▶ Data extract:

--------------------------------------------------

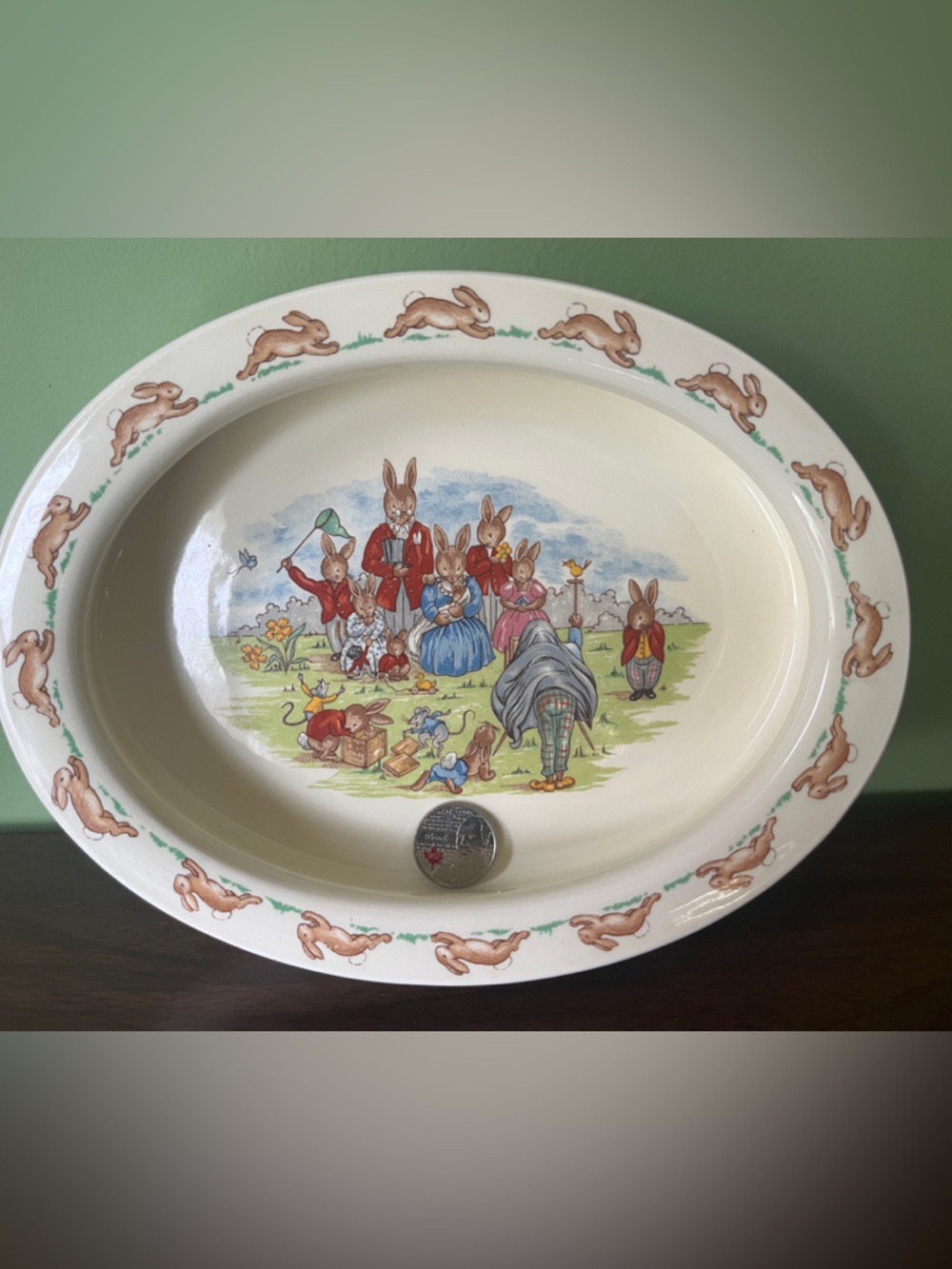 Royal Doulton Bunny Family Oval Serving Bowl – Cream, Brown, Blue, Green, Red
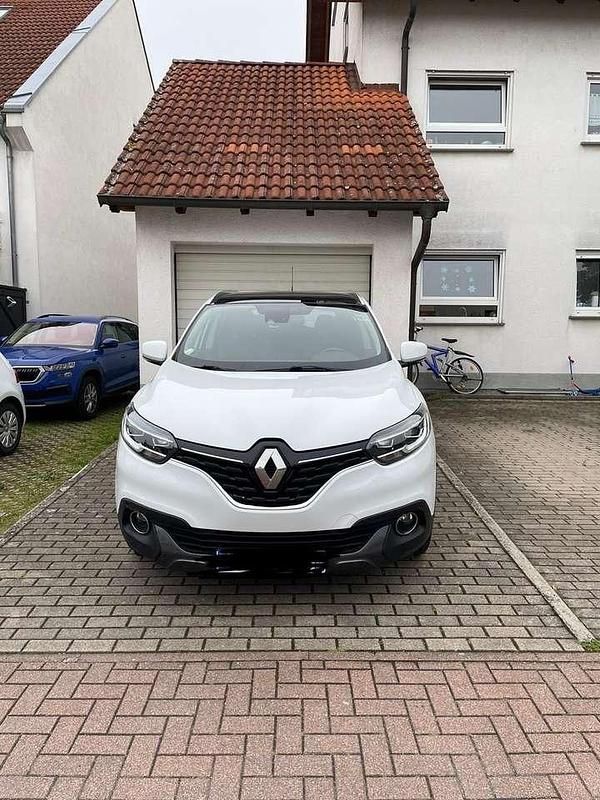 Gebraucht Renault Kadjar Life 131 PS (96 kW) 2015 Weiß SUV
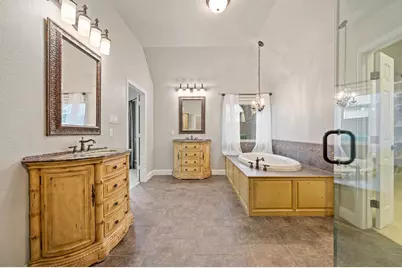 1808 Lakes Edge Boulevard, Mansfield, TX 76063 - Photo 24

--------------------------------------------------

▶ What the task asks: Please repeat every line of the material above exactly and without its pictures.

▶ Answer box:
 Royal Doulton Bunny Family Oval Serving Bowl – Cream, Brown, Blue, Green, Red
 Gebraucht Renault Kadjar Life 131 PS (96 kW) 2015 Weiß SUV
 1808 Lakes Edge Boulevard, Mansfield, TX 76063 - Photo 24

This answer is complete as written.